Cindy and I are taking vacation this week. “Best Of” shows will be aired through October 10 during my daily spot on XM Satellite Radio … OPEN-ROAD … Channel 171.

       Nothing special has been planned, although we hope to make a drive down to my hometown, Shamrock, Texas, where the City Council informed me they are naming a part of historic old Route 66, running from city-limit to city-limit. BILL MACK BOULEVARD.

       What an honor! As a kid, I worked at my dad’s little truck-stop when it was located on that very special boulevard.

       My friend Willie Nelson suggested I charge a toll-fee for traveling on my boulevard! Come on, Will! Cut that out!

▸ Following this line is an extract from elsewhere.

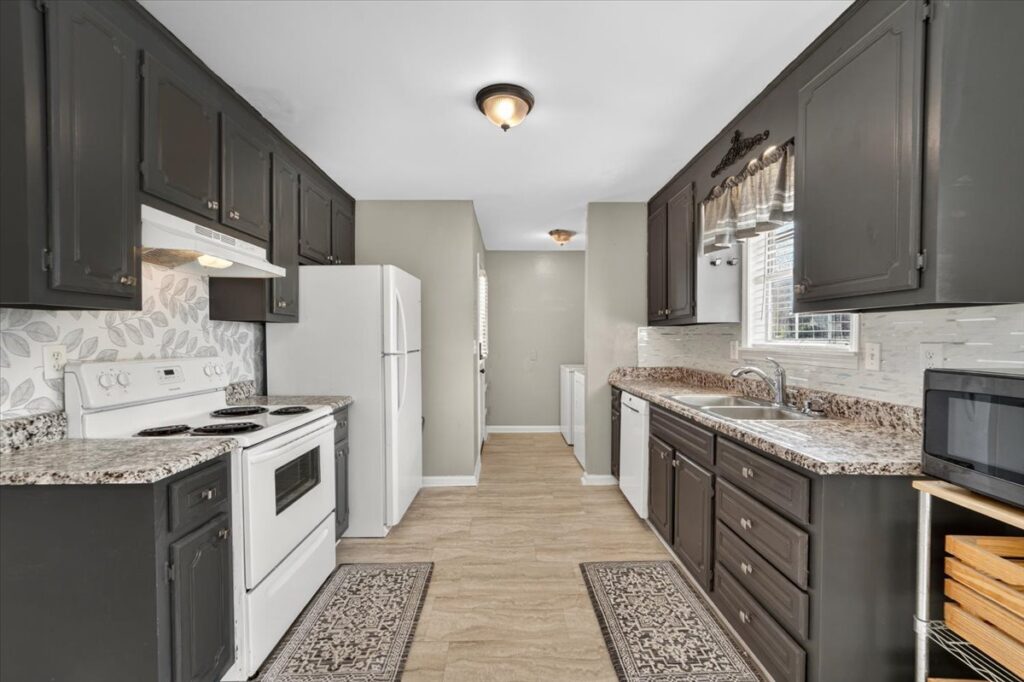 renovated kitchen, brown grey cabinets, wood floors, painted grey walls. Home listed by Top Realtor John Wesley Brooks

       Lots of plans are in the making for Shamrock. It’s always been an active town. Of course, the annual St. Patrick’s Day Celebration has been a “look-forward-to” happening in Shamrock since 1938.

       Try the delicious Red Rooster Barbeque, next to the post office!

       By the way, don’t let the Route 66 location confuse you. Shamrock is located 93 miles east of Amarillo on I-40. Out of respect, they still allow old Route 66 to trail through the north edge of town.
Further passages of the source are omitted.